Meine größten Widerstände gegen das im explorer Erlebte empfand ich, als wir uns auf einen Gottesdienst in der Wolfgangskirche im Vorarlberger Meschach einließen. Ein interessanter Kraft-Ort, wurden dort doch die Szenen für die Verfilmung des berühmten Werks von Robert Schneider, “Schlafes Bruder”, gedreht. Der evangelische Pfarrer Jürgen Harder hielt gemeinsam mit uns eine Andacht, in welcher wir mit fast allen Ritualen einer Messe berührt wurden. Die Kombination von Ritualen, Messgesängen, Geschichten und Gebeten sowie dem Geruch nach Kerzen, altem Holz und Elektro — Ofen, entfachte bei mir große Widerstände. Vor allem das Singen unbekannter Kirchenlieder, die mir so gar nicht von der Hand gingen, brachten mich fast in Rage. Hätte nicht Pfarrer Harder als Vertrauensperson den Raum gehalten und meine Widerstände akzeptiert, hätte ich von der Veranstaltung fliehen müssen. *

Er-leben, statt er-fahren

Mein persönliches Learning daraus war, dass es keine Veranstaltung auf dieser Welt geben wird, die nur auf mich zugeschnitten ist. Ich nehme mir somit jene Vorträge, workshops, Diskussionsrunden, Themen heraus, die mich wirklich ansprechen und akzeptiere, dass es auch anderes gibt. Ich habe Demut gelernt.

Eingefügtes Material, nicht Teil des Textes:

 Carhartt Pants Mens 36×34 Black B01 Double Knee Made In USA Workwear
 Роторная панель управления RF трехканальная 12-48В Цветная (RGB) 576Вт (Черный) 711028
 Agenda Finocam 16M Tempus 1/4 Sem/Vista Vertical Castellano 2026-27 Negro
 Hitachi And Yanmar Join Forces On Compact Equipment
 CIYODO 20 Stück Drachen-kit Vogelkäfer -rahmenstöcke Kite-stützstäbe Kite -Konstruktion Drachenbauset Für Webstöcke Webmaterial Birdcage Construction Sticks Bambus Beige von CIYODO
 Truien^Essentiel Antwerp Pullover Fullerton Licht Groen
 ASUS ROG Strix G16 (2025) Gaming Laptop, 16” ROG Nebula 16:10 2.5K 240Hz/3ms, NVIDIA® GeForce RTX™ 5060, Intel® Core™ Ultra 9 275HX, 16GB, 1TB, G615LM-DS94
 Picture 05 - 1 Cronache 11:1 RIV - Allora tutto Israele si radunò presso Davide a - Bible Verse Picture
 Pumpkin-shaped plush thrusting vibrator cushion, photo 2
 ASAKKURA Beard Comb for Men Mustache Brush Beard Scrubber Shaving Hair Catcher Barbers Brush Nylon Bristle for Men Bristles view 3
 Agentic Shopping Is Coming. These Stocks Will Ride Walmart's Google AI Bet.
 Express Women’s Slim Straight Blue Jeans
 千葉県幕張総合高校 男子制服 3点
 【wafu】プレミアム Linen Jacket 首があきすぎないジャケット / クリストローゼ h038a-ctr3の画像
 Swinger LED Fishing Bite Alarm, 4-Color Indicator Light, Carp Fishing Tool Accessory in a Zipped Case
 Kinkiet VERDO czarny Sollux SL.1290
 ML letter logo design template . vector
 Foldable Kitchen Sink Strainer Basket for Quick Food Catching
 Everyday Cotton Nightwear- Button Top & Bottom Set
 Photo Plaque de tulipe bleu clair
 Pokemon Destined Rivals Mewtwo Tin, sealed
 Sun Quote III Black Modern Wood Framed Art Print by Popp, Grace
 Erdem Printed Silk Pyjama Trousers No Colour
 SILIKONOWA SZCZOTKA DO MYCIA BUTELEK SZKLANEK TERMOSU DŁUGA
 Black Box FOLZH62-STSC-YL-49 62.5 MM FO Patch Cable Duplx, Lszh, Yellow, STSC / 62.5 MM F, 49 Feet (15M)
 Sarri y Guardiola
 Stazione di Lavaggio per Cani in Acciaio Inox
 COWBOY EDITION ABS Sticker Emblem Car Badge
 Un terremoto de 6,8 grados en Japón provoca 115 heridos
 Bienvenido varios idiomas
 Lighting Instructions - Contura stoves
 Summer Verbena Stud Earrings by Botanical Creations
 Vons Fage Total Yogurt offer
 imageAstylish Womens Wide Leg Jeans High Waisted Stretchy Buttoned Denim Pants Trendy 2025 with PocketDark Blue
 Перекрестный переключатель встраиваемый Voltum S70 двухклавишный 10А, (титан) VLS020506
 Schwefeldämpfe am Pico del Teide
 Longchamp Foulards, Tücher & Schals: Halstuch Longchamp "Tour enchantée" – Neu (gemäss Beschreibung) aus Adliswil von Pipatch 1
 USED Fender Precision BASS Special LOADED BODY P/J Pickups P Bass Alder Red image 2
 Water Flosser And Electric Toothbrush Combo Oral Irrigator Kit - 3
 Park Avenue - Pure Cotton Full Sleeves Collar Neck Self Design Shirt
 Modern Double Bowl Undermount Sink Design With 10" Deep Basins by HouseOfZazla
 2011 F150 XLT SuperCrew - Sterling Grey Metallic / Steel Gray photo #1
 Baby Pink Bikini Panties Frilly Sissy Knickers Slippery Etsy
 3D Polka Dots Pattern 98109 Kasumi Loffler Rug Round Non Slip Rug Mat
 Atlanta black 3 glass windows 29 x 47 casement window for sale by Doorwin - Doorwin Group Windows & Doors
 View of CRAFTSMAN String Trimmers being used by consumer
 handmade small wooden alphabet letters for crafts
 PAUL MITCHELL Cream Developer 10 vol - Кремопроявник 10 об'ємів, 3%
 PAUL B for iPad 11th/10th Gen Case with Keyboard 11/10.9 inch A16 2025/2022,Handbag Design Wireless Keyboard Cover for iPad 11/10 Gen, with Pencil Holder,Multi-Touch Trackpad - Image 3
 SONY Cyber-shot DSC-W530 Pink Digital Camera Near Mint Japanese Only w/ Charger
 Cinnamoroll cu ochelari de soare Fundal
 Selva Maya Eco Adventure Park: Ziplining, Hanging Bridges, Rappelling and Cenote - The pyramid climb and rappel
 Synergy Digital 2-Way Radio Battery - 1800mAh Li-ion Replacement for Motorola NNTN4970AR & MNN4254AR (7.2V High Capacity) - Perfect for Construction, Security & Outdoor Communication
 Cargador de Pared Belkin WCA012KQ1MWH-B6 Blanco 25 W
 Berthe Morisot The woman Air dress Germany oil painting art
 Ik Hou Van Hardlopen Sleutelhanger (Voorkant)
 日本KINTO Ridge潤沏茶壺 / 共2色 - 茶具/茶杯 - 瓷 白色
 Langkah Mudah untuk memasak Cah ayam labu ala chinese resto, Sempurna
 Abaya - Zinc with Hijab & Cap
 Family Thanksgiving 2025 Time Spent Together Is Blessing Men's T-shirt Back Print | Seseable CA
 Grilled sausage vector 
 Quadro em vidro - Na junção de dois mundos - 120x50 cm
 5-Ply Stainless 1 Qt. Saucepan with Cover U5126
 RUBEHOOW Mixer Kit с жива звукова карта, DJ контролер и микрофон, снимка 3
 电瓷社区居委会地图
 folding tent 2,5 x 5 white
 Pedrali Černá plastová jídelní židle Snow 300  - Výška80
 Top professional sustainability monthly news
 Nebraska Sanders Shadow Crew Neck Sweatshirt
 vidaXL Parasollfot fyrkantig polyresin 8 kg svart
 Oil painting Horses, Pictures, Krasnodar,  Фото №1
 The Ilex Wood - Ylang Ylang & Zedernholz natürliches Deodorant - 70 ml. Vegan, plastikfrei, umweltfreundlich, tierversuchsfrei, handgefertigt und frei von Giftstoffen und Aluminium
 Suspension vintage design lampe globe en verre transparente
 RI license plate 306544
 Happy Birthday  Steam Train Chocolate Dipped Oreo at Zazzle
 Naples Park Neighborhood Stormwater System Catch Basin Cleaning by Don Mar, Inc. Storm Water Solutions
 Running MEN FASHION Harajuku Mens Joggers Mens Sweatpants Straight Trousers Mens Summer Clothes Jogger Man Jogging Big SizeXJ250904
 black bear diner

Will man also das Trend-Setting hinter sich lassen und sein Unternehmen, seine Mitarbeiter und damit auch sich selbst weiter entwickeln, so begibt man sich auf unbekanntes Terrain. Man macht nicht nur einfach mit, sondern man probiert selbst aus, korrigiert, probiert wieder aus, lässt Neues zu und wird so erfahrener. Man er-lebt anstatt er-fährt. Ein spannendes und mühsames, ja teilweise auch unangenehmes Unterfangen. Meiner Überzeugung und Erfahrung nach aber erst dadurch sehr nachhaltig.

Anbei noch ein paar Beispiele für Mind-Setter unserer Branche:

Dominik Deubner mit seinem MICE — Club

Das Austrian Convention Bureau (ACB) mit seiner Weiterbildungsveranstaltung convention4u

Das GCB in Kooperation mit dem EVVC und dem Fraunhofer Institut mit der Studie “Future Meeting Space

Die Initiative “der kongress tanzt

Die weltweite Bewegung Art of Hosting (AoH)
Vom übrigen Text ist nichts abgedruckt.